The expression of candidate CabHLHs associated with capsaicinoid biosynthesis in response to different temperatures
To obtain a preliminary understanding of whether capsaicinoid biosynthesis is regulated by CabHLH genes in response to different temperatures, the expression of five candidate CabHLHs and five important capsaicinoid biosynthetic genes at different temperatures were measured. As shown in Figure 8A, the content of capsaicin and dihydrocapsaicin tended to increase with increasing temperature from T15 to T25. The capsaicin content of the placenta in peppers with T25 treatment was significantly higher than that in papers with T33 treatment. The expression of CabHLH007, CabHLH009 and CabHLH086 increased with increasing temperatures, similar the accumulation of dihydrocapsaicin (Figure 8B). CabHLH026 was highly expressed with T25, which was consistent with the accumulation of capsaicin and the expression of capsaicinoid biosynthetic genes including AT3, AMT, BCKDH and KasIa (Figure 8B; Figure 8C). In contrast, CabHLH063 expression decreased with increasing temperature, which maintained a good agreement with the expression profile of the capsaicinoid biosynthetic gene Acl (Figure 8B; Figure 8C). Thus, the expression of CabHLH007, CabHLH009 and CabHLH086 was positively associated with an increase in dihydrocapsaicin content and temperature. Inversely, CabHLH063 expression was negatively related and CabHLH026 expression was positively related to the increase in the capsaicin content and temperature. These candidate genes might be related to capsaicinoid biosynthesis in response to different temperatures through the regulation of the transcription of capsaicinoid biosynthetic genes.

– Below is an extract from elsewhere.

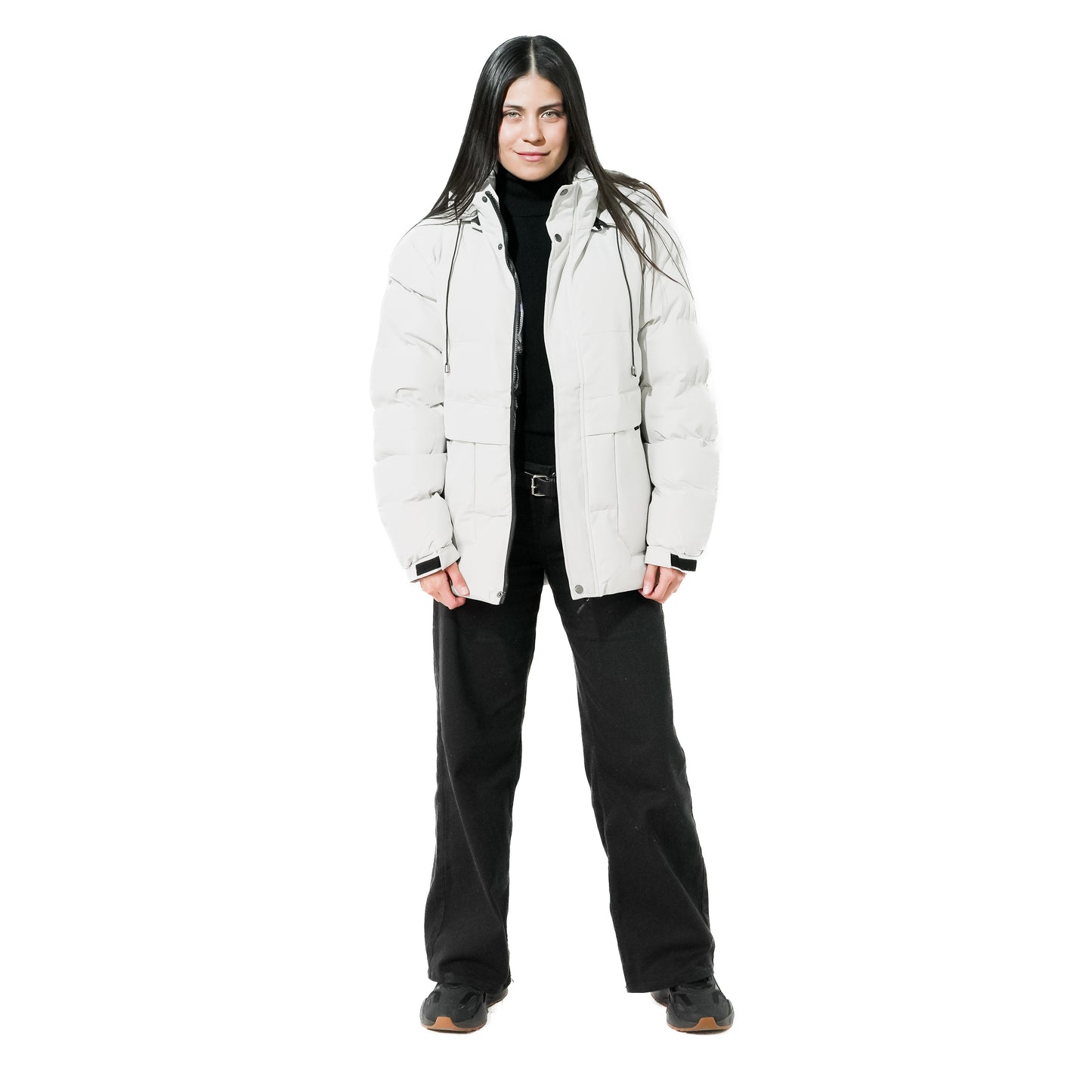 PARKA SAMSON WHITE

The interaction of candidate CabHLHs and MYB31 in yeast
bHLH proteins usually bind DNA and regulate the transcription of downstream genes. To verify the interaction between candidate CabHLHs and CaMYB31, a yeast two-hybrid assay was carried out. The results indicated that these bHLHs interacted with MYB31 in a gene-dependent manner. CabHLH007, CabHLH009, CabHLH026, CabHLH063 and CabHLH086 can interact with MYB31 in vitro. CabHLH026 and CaMYB31 strongly interacted in yeast, while the interactions of CabHLH063, CabHLH086 and CaMYB31 were weak (Figure 9). Therefore, it is likely that CabHLH can regulate capsaicinoid biosynthesis by interacting with CaMYB31, a master regulator of capsaicinoid biosynthesis.